Nous aimerions croire que cette lente dérive vers les égoïsmes sacrés et les populismes xénophobes ne serait que la conséquence de la crise économique. Mais la crise en jeu est aussi d’une autre nature, car l’Etat-providence français reste encore efficace et, surtout, parce que bien des pays d’Europe se portant mieux que la France connaissent des poussées populistes et racistes plus violentes que chez nous.

UNE FORME DE PATRIOTISME PAISIBLE ET OUVERT

En fait se délite brutalement l’idée même que nous nous faisons de la société. L’imaginaire « organique » et fonctionnel de la société industrielle, dans lequel chacun est défini par sa contribution à l’ensemble, ne résiste pas aux mutations du travail et des échanges économiques mondialisés. Dès lors, chacun a l’impression d’être perdant dans un monde perçu comme dangereux. La nation, la manière dont une société s’imagine comme une communauté, semble elle aussi menacée.

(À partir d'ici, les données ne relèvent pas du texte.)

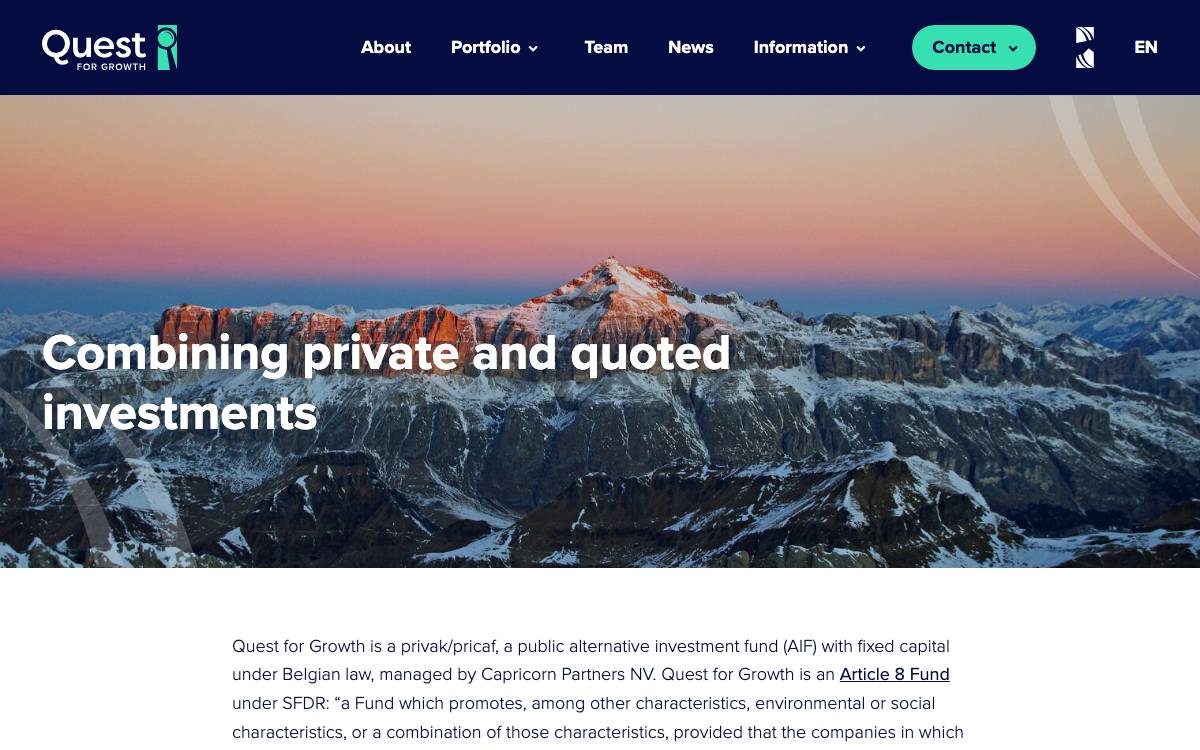 Quest for Growth website preview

Parfois, elle ne paraît plus se définir que par la haine des étrangers : comment accepter les différences quand on n’est plus assuré d’être soi-même ? Alors, l’imaginaire de la solidarité passe à l’extrême droite, une partie de la droite redevient barrésienne et la gauche n’oppose plus à cette vague que des principes moraux et l’espoir dans un retour de la croissance : elle abandonne au camp de la haine le soin d’incarner les dimensions imaginaires et symboliques de la solidarité. Pour que chacun accepte de payer pour les autres, il nous faut construire une communauté imaginaire, une forme de patriotisme paisible et ouvert. Cette construction ne passe pas par l’incantation nationale, mais elle nous oblige à comprendre que la politique et l’action publique sont aussi des actions symboliques. Trois chantiers s’imposent alors parmi bien d’autres.

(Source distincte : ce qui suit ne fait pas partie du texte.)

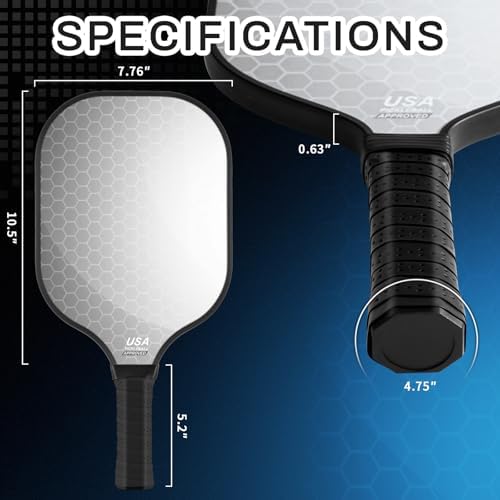 T300 Carbon Fiber Lightweight Pickleball Paddles Set of 2 for Beginner Intermediate Pro Gifts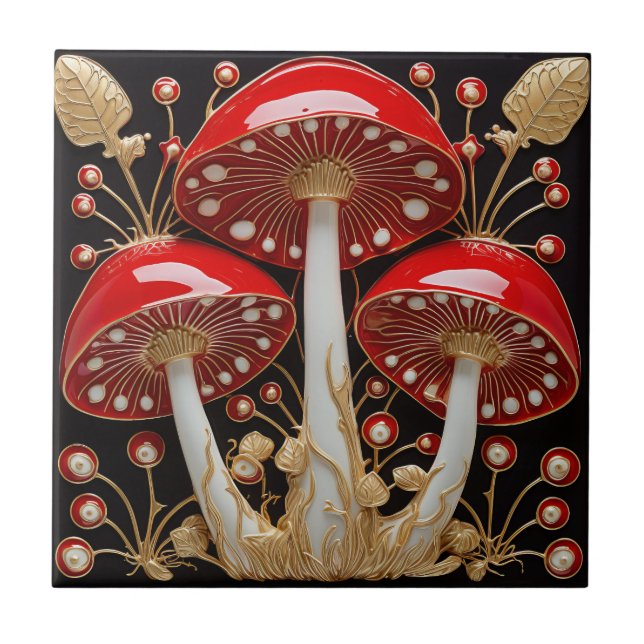 Red Gold Amanita Muscaria Mushroom 3D Effect Tile (Front)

Le premier devrait nous obliger à rendre lisible par tous, ou presque tous, le jeu des contributions et des distributions financières sur lequel repose la solidarité : chacun devrait savoir qui paie et qui gagne afin de ne pas se sentir toujours grugé. Il nous faut ensuite renouveler profondément les mécanismes de la représentation démocratique afin de forger la capacité de mobiliser la société : pourquoi ce qui se fait souvent au niveau local semble-t-il impossible au niveau national et européen ? Enfin, les institutions qui prennent en charge les personnes, l’école, l’hôpital, la justice… doivent refonder leur légitimité sur d’autres critères que celui de leurs seules performances.

En renonçant à ce travail, nous abandonnerons la solidarité à ceux qui ne la forgent que sur la peur et la haine des autres.